§ Exercise requirements: A word-for-word reproduction of the data below is needed, with no pictures in it.

Data to process below:

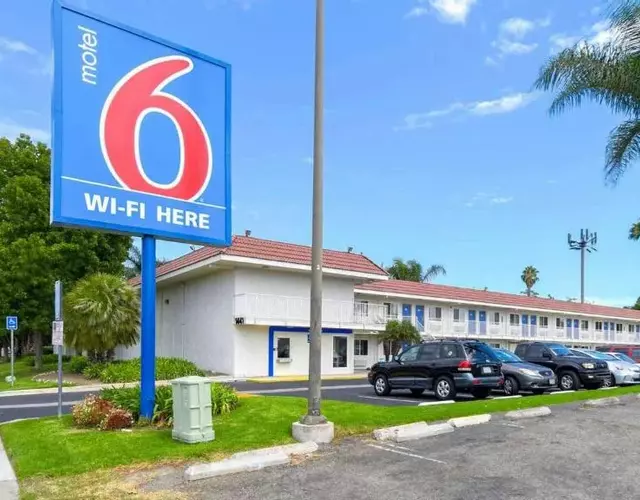 Motel 6-Costa Mesa, CA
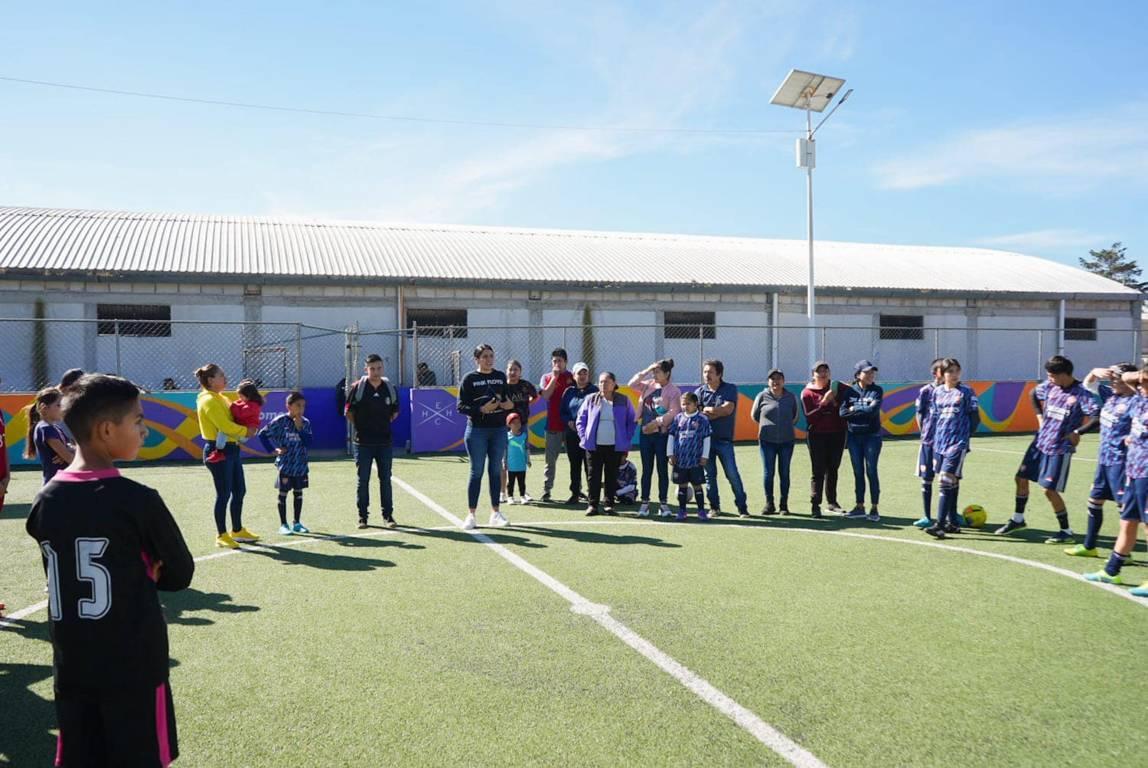 Diana Torrejón logra la rehabilitación de la cancha deportiva de Soltepec – Tlaxco  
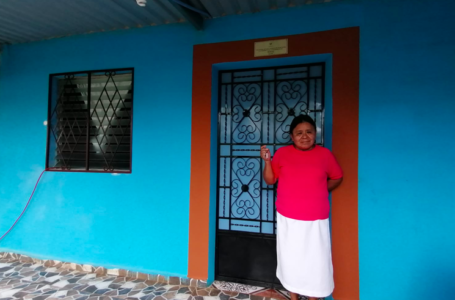 Entregan viviendas a familias de escasos recursos en Nahuizalco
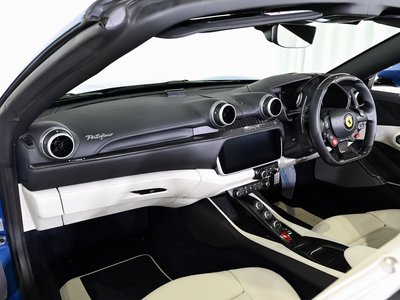 2020 Ferrari PORTOFINO — миниатюра 24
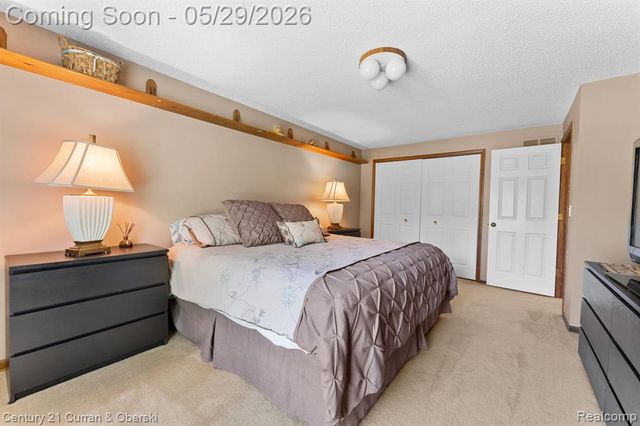 44962 Steeple Path, Novi, MI 48375
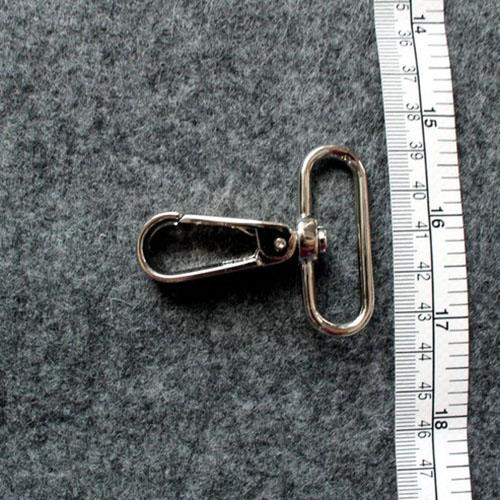 Karabiner mit Steg 4cm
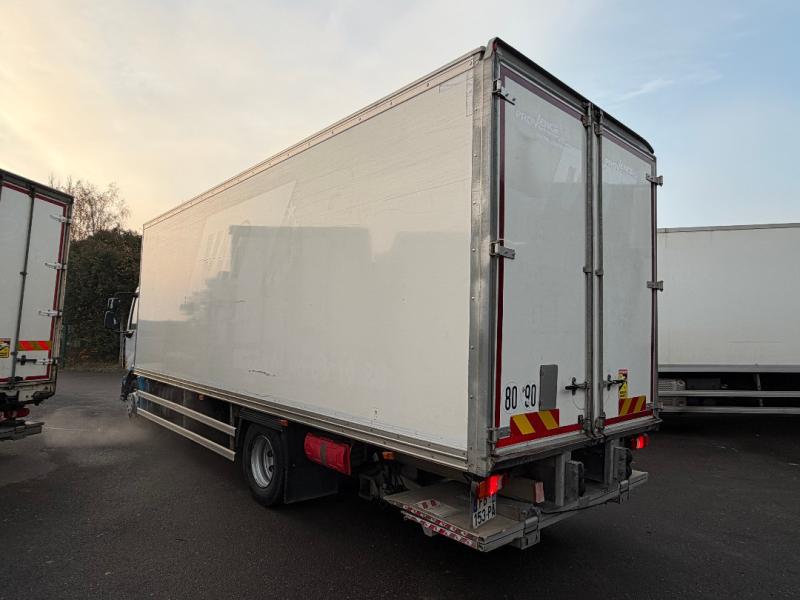 Camion Renault Gamme D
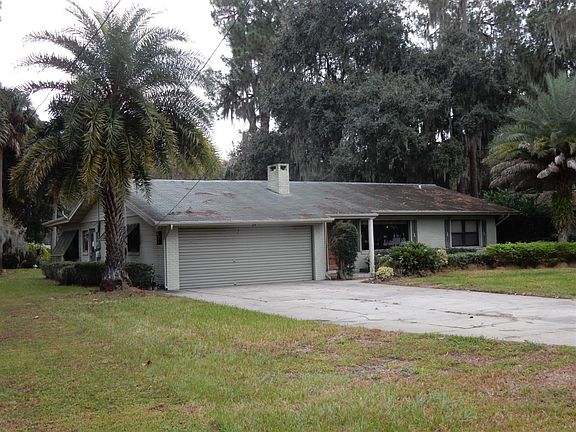 3rd image of 705 Lakeshore Dr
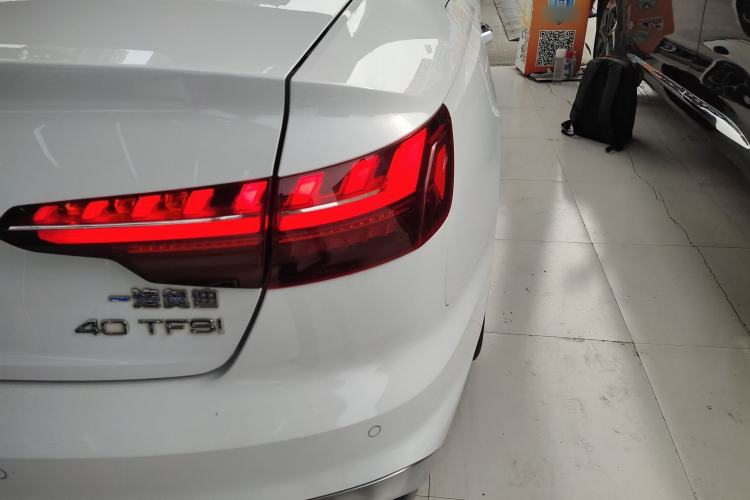 Used Audi A4L 2020 40 TFSI Fashion Dynamic Model Right Rear Taillight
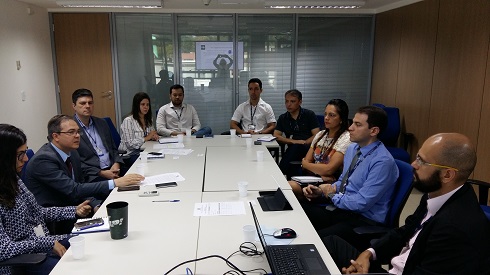 Registro Profissional na palma da mão
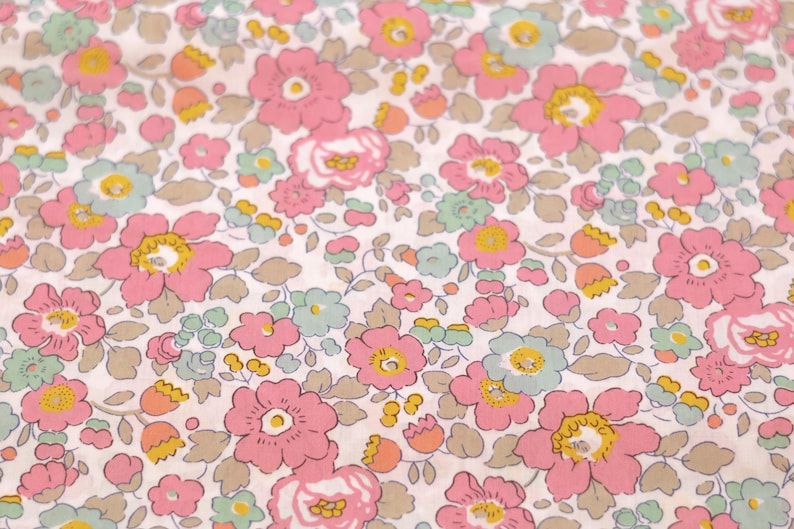 Liberty of London Tana Lawn - Betsy Q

End of Data to process.

§ Result of the task:
 Motel 6-Costa Mesa, CA
 Diana Torrejón logra la rehabilitación de la cancha deportiva de Soltepec – Tlaxco  
 Entregan viviendas a familias de escasos recursos en Nahuizalco
 2020 Ferrari PORTOFINO — миниатюра 24
 44962 Steeple Path, Novi, MI 48375
 Karabiner mit Steg 4cm
 Camion Renault Gamme D
 3rd image of 705 Lakeshore Dr
 Used Audi A4L 2020 40 TFSI Fashion Dynamic Model Right Rear Taillight
 Registro Profissional na palma da mão
 Liberty of London Tana Lawn - Betsy Q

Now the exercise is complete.